Adiacente all'Aula Absidata si trova la Basilica, precedentemente interpretata come area sacra, invece di uso civile come tutte le basiliche pagane, divisa in quattro navate da colonne con capitelli in stile corinzio-italico.
Sul lato occidentale di essa è il cosiddetto “Antro delle Sorti”, una grotta ricavata artificialmente, ornata da tre nicchioni e pavimentata da un mosaico policromo a soggetto marino.

Lo spazio antistante è pavimentato con un finissimo mosaico bianco, molto simile a quello dell’Aula Absidata, che fa supporre che questa zona in origine fosse coperta.

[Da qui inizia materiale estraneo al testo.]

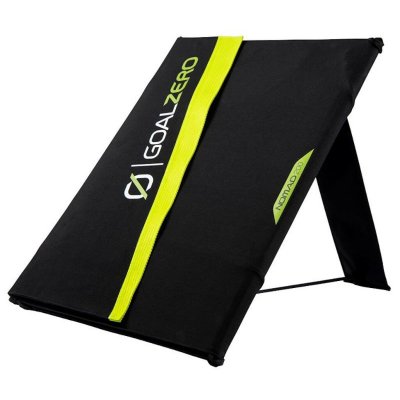 A leg on the back makes the solar panel easier to place.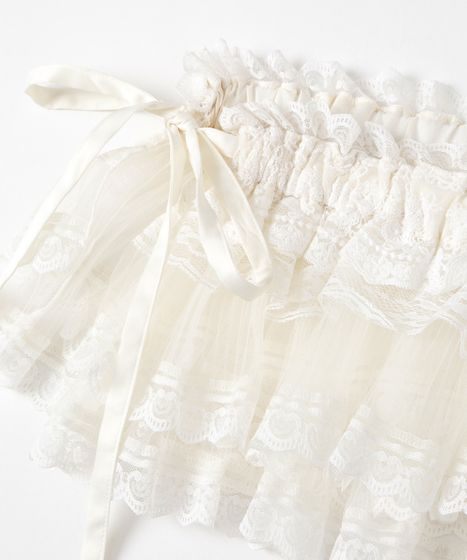 レースレイヤードミニスカート[商品：PN26SS-064] - PUNYUS Online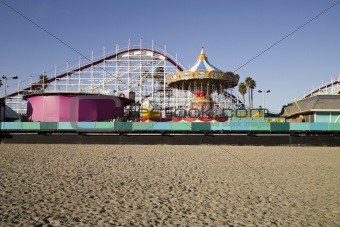 Boardwalk and Roller Coaster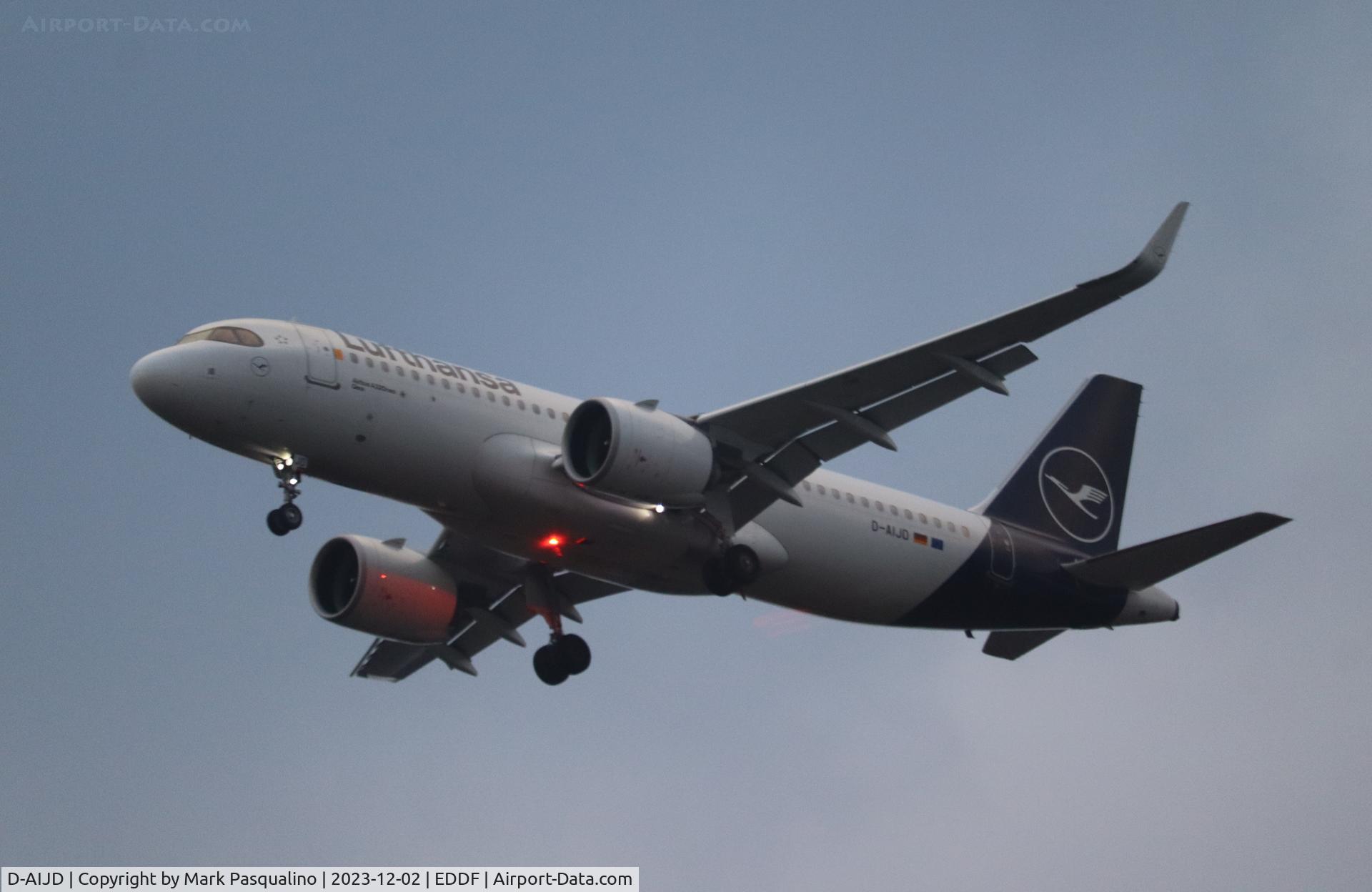 D-AIJD, 2020 Airbus A320-271N C/N 10281, Airbus A320-271N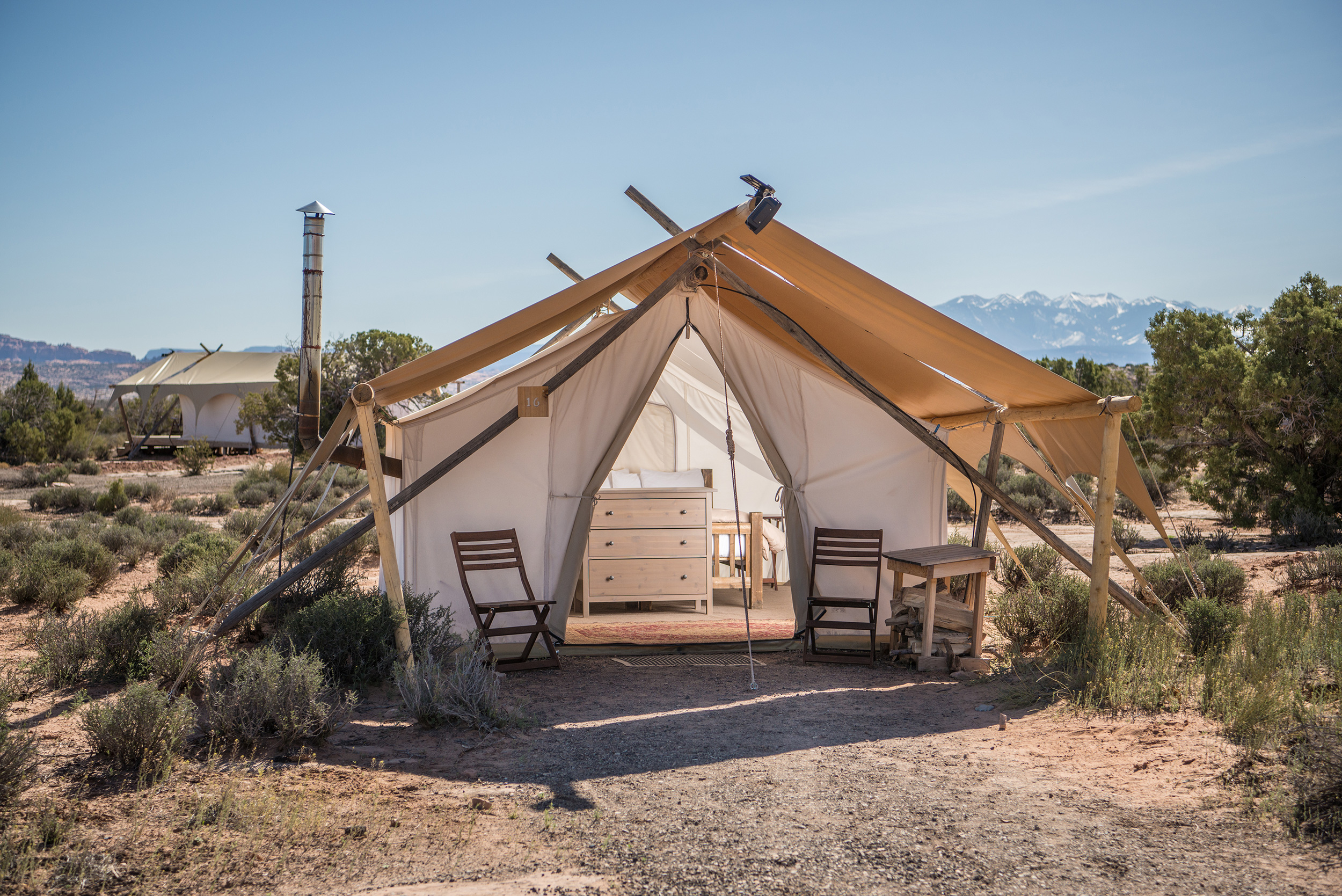 Safaritelt - Under Canvas - Moab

Il luogo è stato interpretato come Serapeo, dedicato cioè al culto di Serapide, un culto egizio che risale al II sec. a.c.

RICOSTRUZIONE


IL SANTUARIO DELLA FORTUNA PRIMIGENIA

Nel prezioso monumento sono evidenti, insieme alla perfetta assialità e gli aspetti scenografici legati ai portici e agli ordini, caratteristici della Grecia, l'inserimento del complesso nell'ambiente uniti alle tecniche costruttive romane. 
Vi compaiono infatti, oltre al cementizio che comincia all'inizio del II sec. a.c. gli opus incertum e reticolatum e un primo rudimentale impiego di forme arrotondate che si instaureranno soprattutto nelle terme di età imperiale.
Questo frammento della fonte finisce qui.